Die Ukraine war ein Schlachtfeld, auf dem das gefallene Zarenreich, die Bolschewiken, die Ukrainische Volksrepublik, die Westukrainische Volksrepublik, später die beiden nach Unabhängigkeit von Moskau strebenden ukrainischen Staaten in Allianz, die anarchistische Machno-Bewegung, Polen und Warlords versuchten, Land zu gewinnen, Beute zu machen und dem jeweils anderen den Hals umzudrehen. Ein Krieg mit mehr als einer Million Toten war das. Und wie er ausging, ist bekannt. Aber noch in den frühen 1930er Jahren sahen die Sowjets die Notwendigkeit, die renitente ukrainische Landbevölkerung durch Zwangskollektivierung auszuhungern – was dann als Holodomor (zwischen drei und vier Millionen Tote) in die Geschichte einging.

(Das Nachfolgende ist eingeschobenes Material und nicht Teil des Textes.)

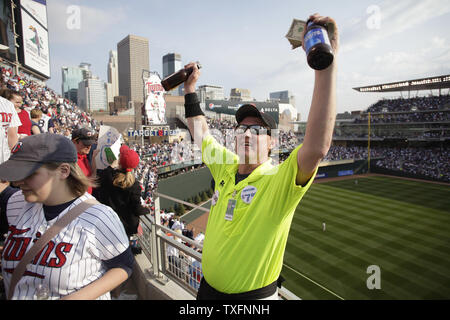 12 Days of Cubs: Beer vendors 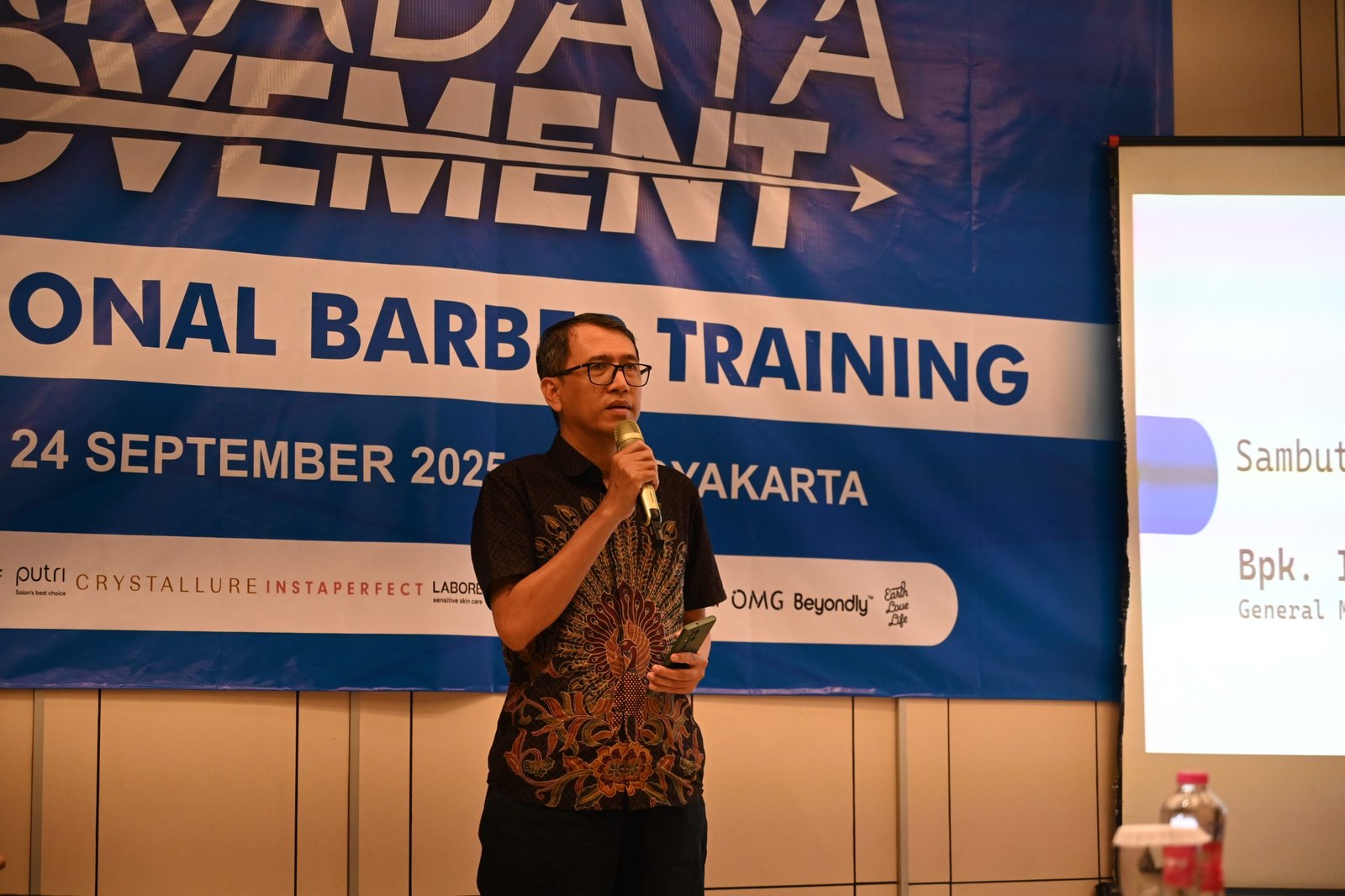 Sambutan Ira Sumantri, General Manager Arfa Sukses Mulia dalam pembukaan Profesional Barber Training , Yogyakarta, 24 Juli 2025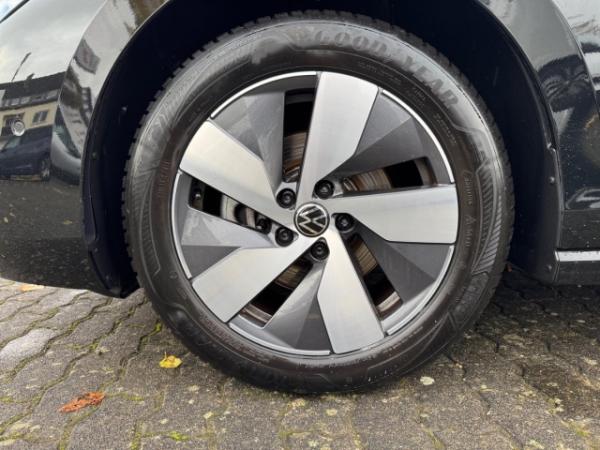 Volkswagen Passat Variant Business 1,5 l eTSI DSG LED Navi AHK Climatronic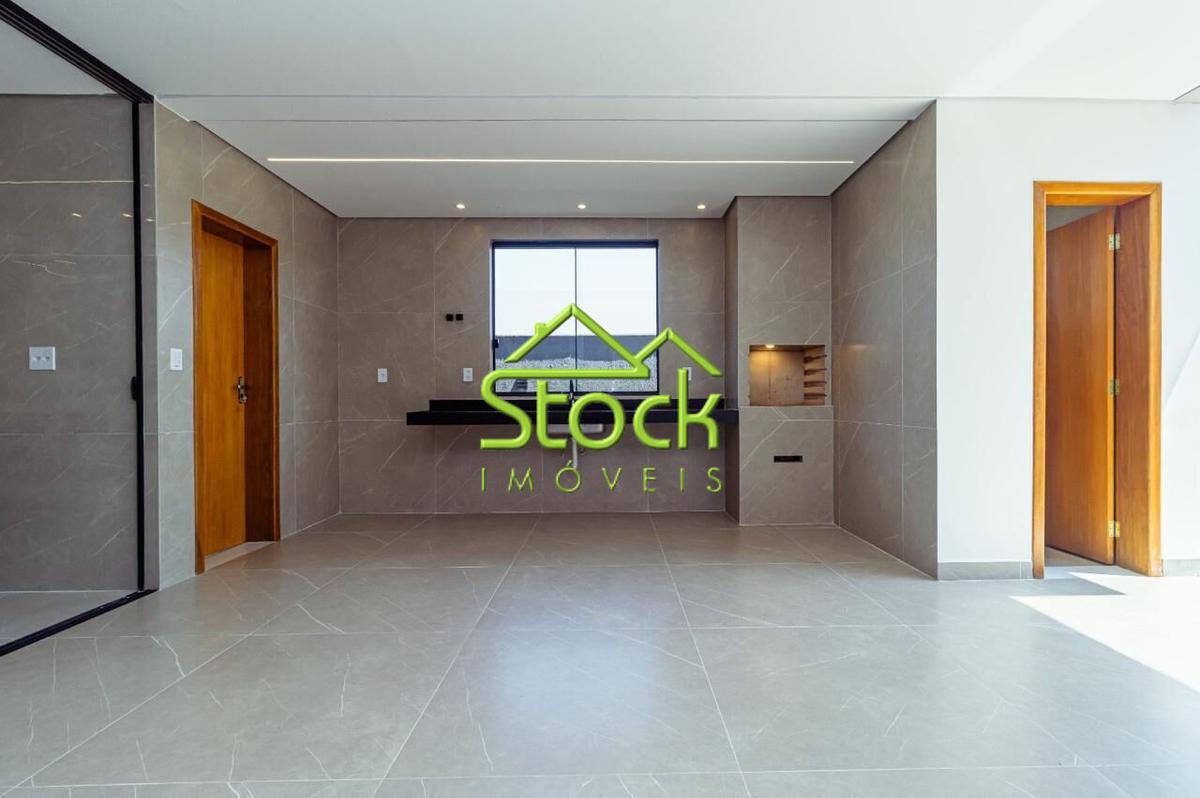 Casa, Jardins Village, 3 Quartos, 2 Vagas, 1 Suíte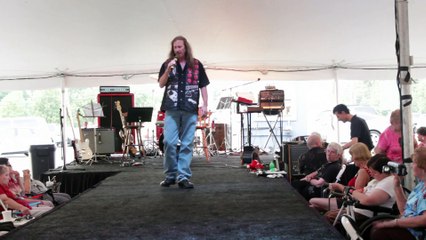 Steve Diltz sings 'That's What You Get For Loving Me' Elvis Week 2014 video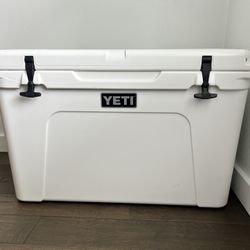 Yeti 105 Hard Cooler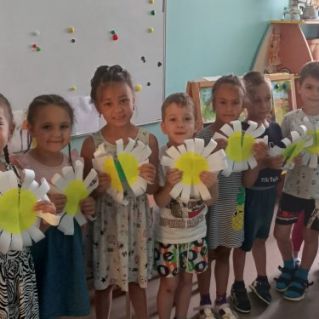 Ромашка- символ любви и верности!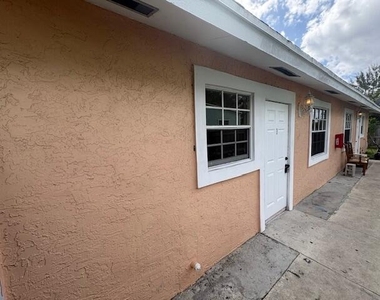 3115 Windsor Avenue - Photo Thumbnail 2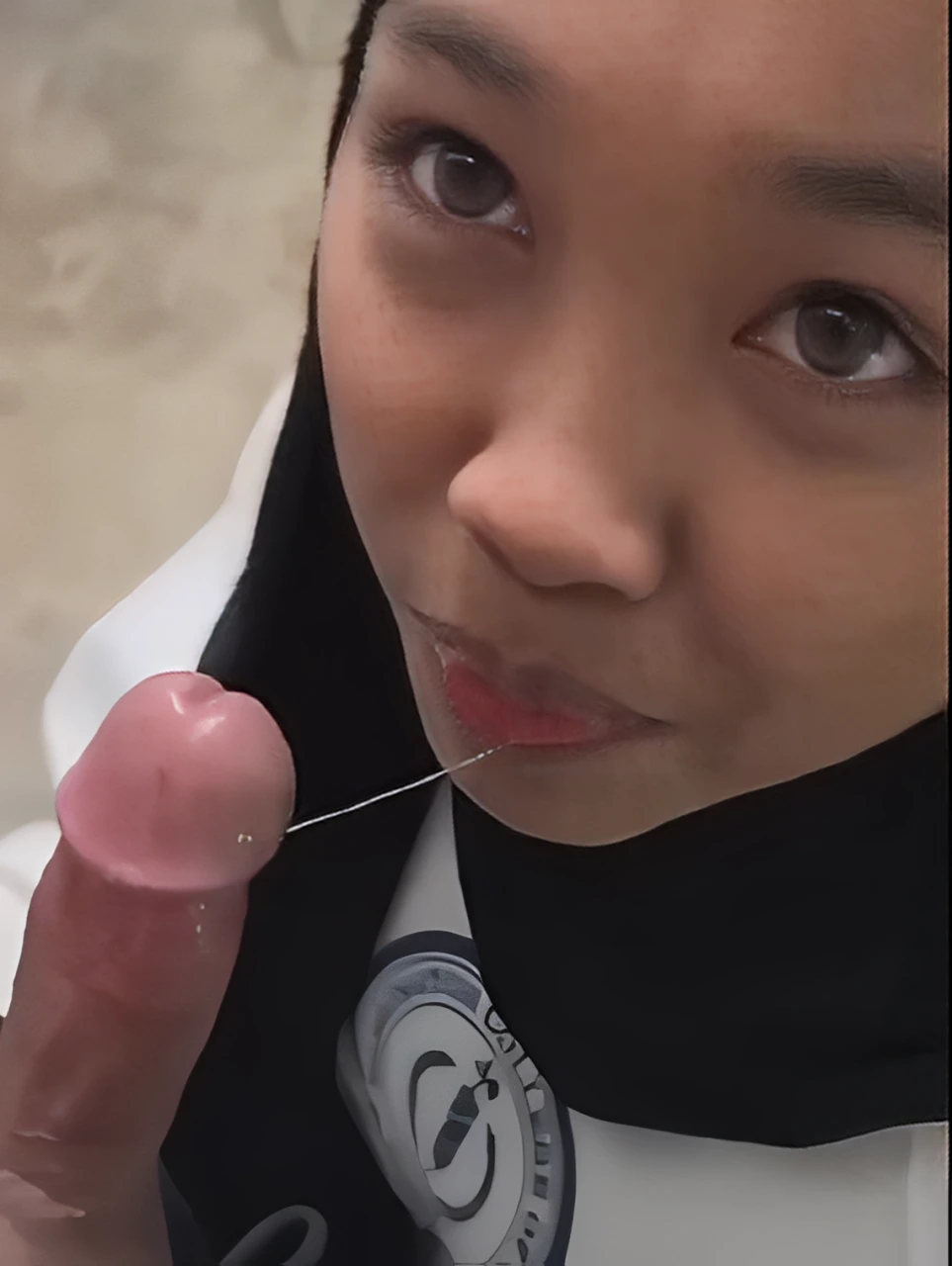 Gadis Hijab Maniak Sepong Outdoor 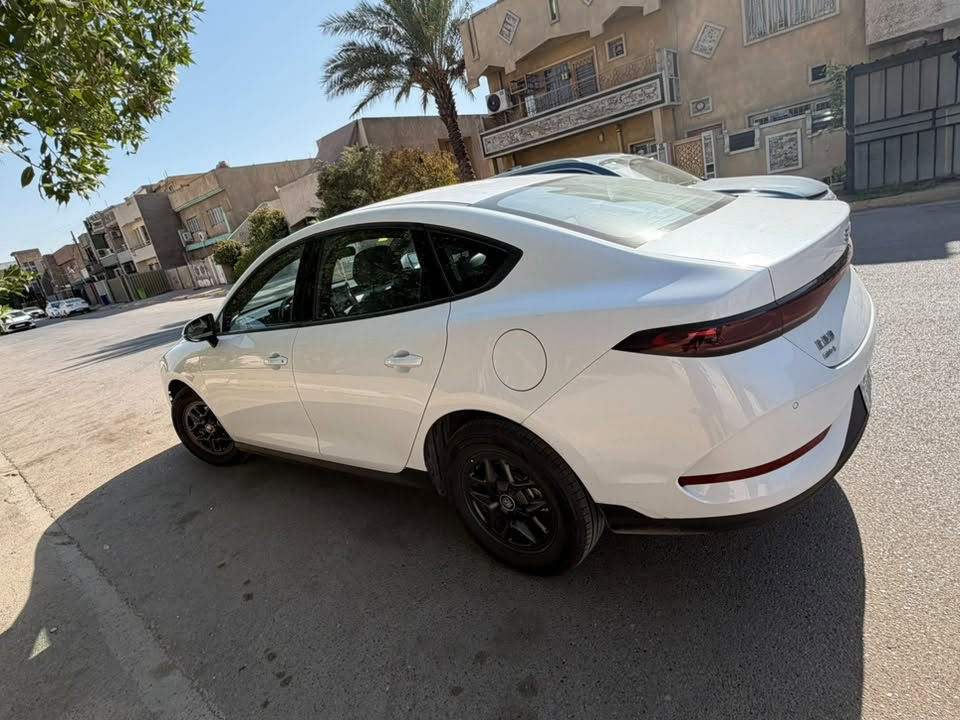 السلام عليكم للبيع كن بلاس ٢٠٢٥ داخل زيتوني مرقم بغداد لوحة
جديدة 

ماشية8000

السيارة نضيفة معنى الكلمة

 مواصفات السياره 

بصمه تشغيل 

شاشه دجتال 

داخل جلد

قطعتين تبريد 

فول تحكم ستيرن 

كأمره خلفيه وحساسات 

شاشه وسطيه اندرويد 

بك لايت ليد متصل 

أشاير بل مري 

السياره كامل ملحقات شاحنه وكارت وفوم كل العدة كامله

عنوان الدورة الميكانيك للاستفسار الاتصال 

السعر. 19.500 وبيهة مجال بسيط

***********
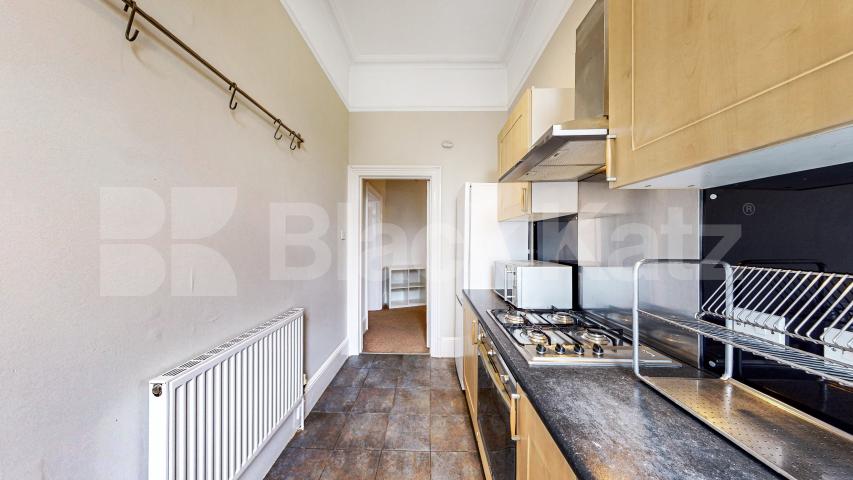 			2 Bedroom, 1 bath, 1 reception 			 West End Lane,  London  NW6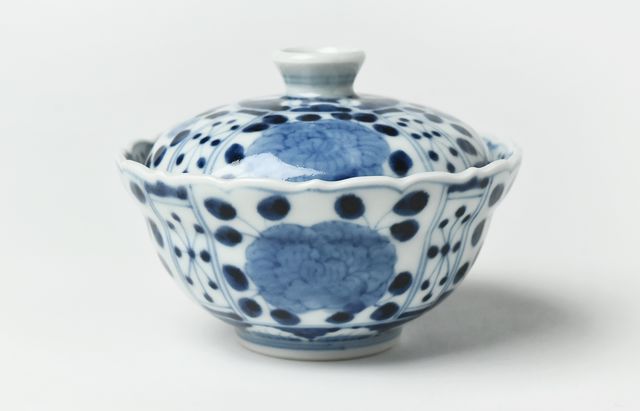 岩永 浩 芙蓉手文輪花蓋向付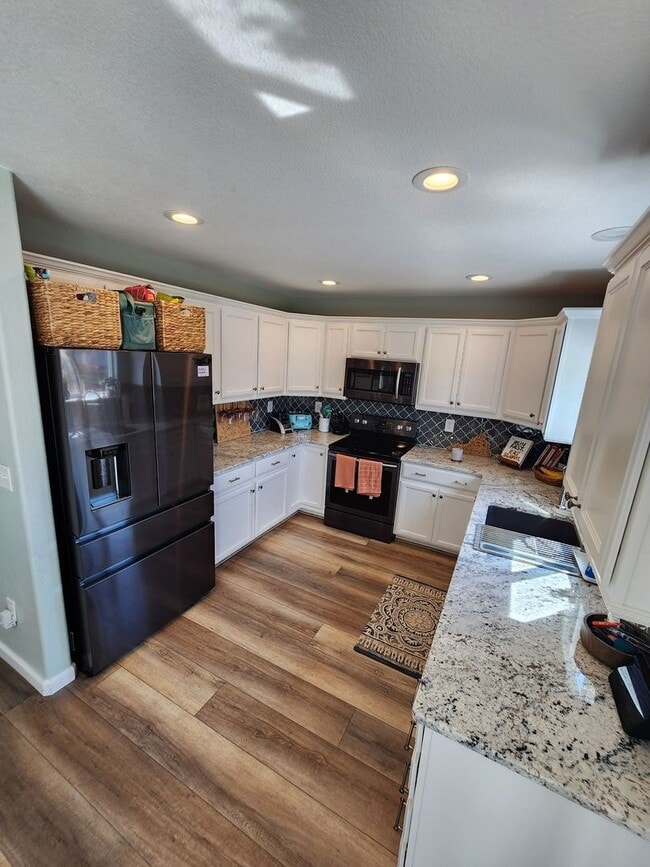 Building Photo - Beautiful 2-Story Home with Finished Basem...
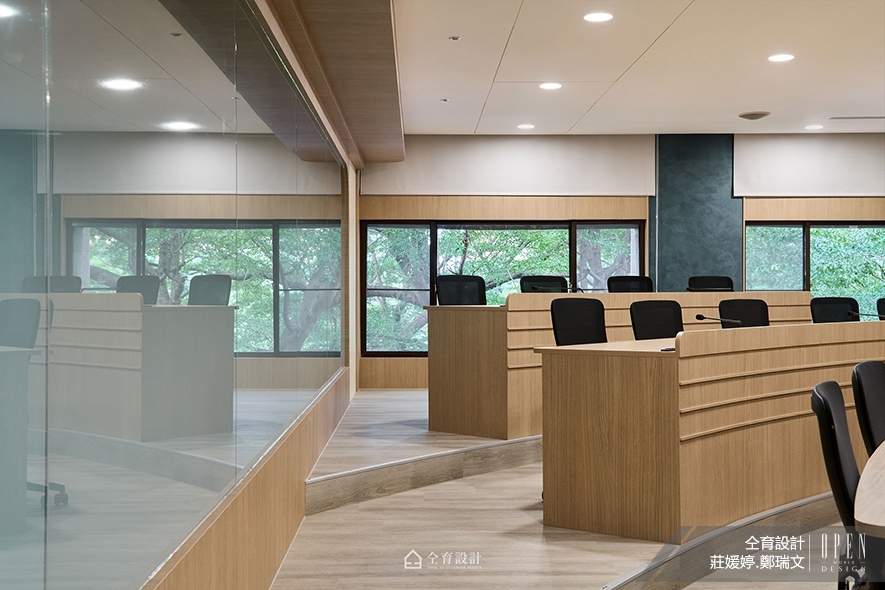 【仝育設計 莊媛婷、鄭瑞文】現代元素翻轉校園老教室 打造明亮舒適學習新場域 - 設計師專訪 3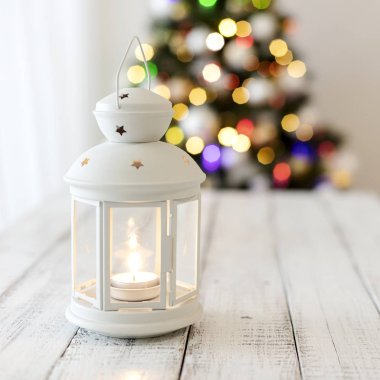 Mutlu Noeller! Beyaz şamdan feneri arkada duruyor.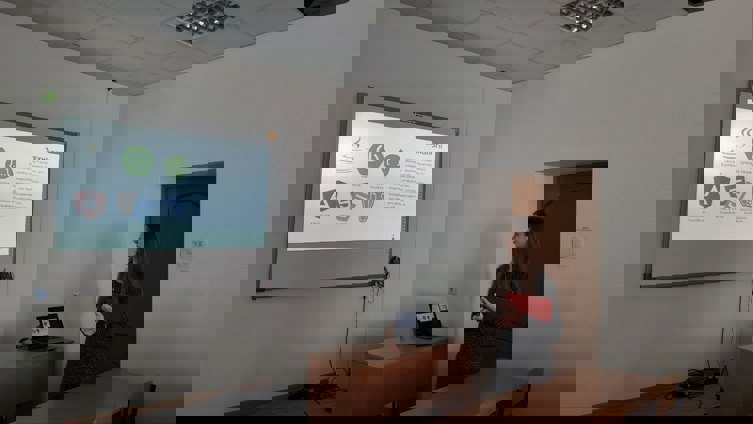 photo1718795171-1
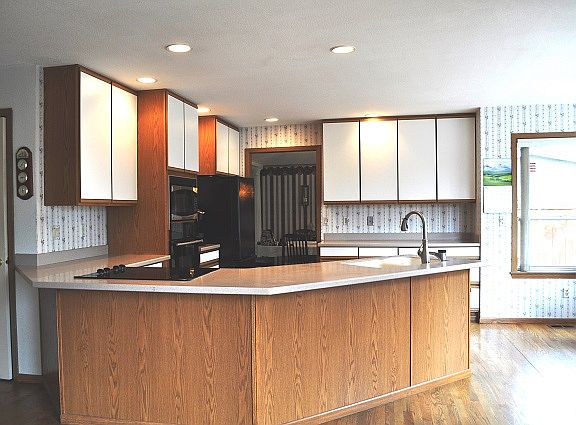 5th image of 3823 N Frace Ave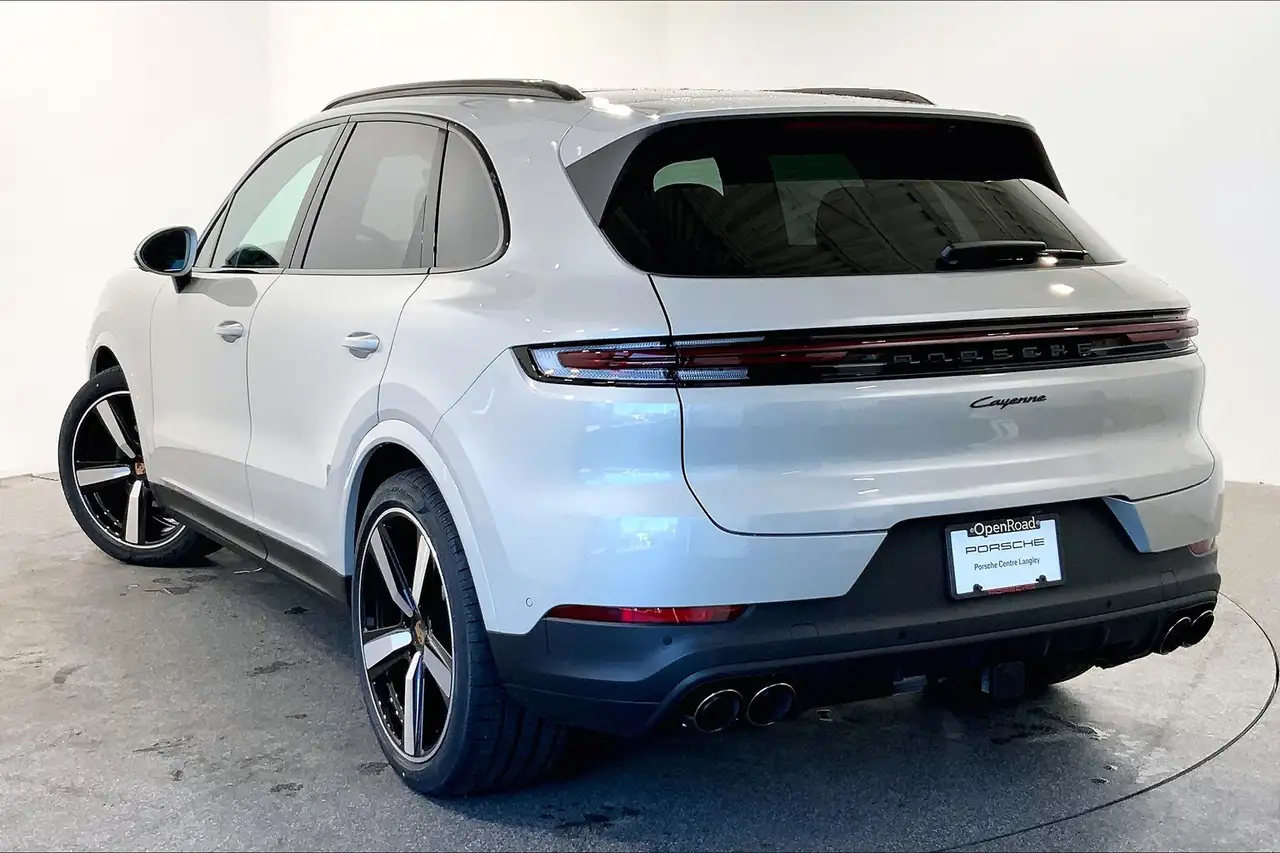 Porsche Cayenne снимка Porsche Cayenne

Alle haben sich schuldig gemacht

Der Historiker Jeffrey Veidlinger widmet sich in seinem Buch „Mitten im zivilisierten Europa“ einem eher weniger oft beachteten Phänomen in diesen turbulenten Jahren: Pogromen. Schätzungsweise 100.000 Juden starben in diesen Jahren bei rund 1000 antisemitischen Gewalttaten, die sich quer über das gesamte Gebiet der heutigen Ukraine erstreckten. Seine These: Die Jahre der Gewalt, die Entmenschlichung der jüdischen Bevölkerung in ebendieser Epoche in der Ukraine hätten dem Holocaust erst den Weg geebnet. Als die Nazis gekommen seien, sei die Ukraine bereits eine Todeszone gewesen, die Jahrzehnte der Gewalt hinter sich gehabt habe, schreibt er. Die Pogrome hätten Gewalt gegen Juden als akzeptable Reaktion auf die Exzesse der Bolschewiken etabliert, so Veidlinger.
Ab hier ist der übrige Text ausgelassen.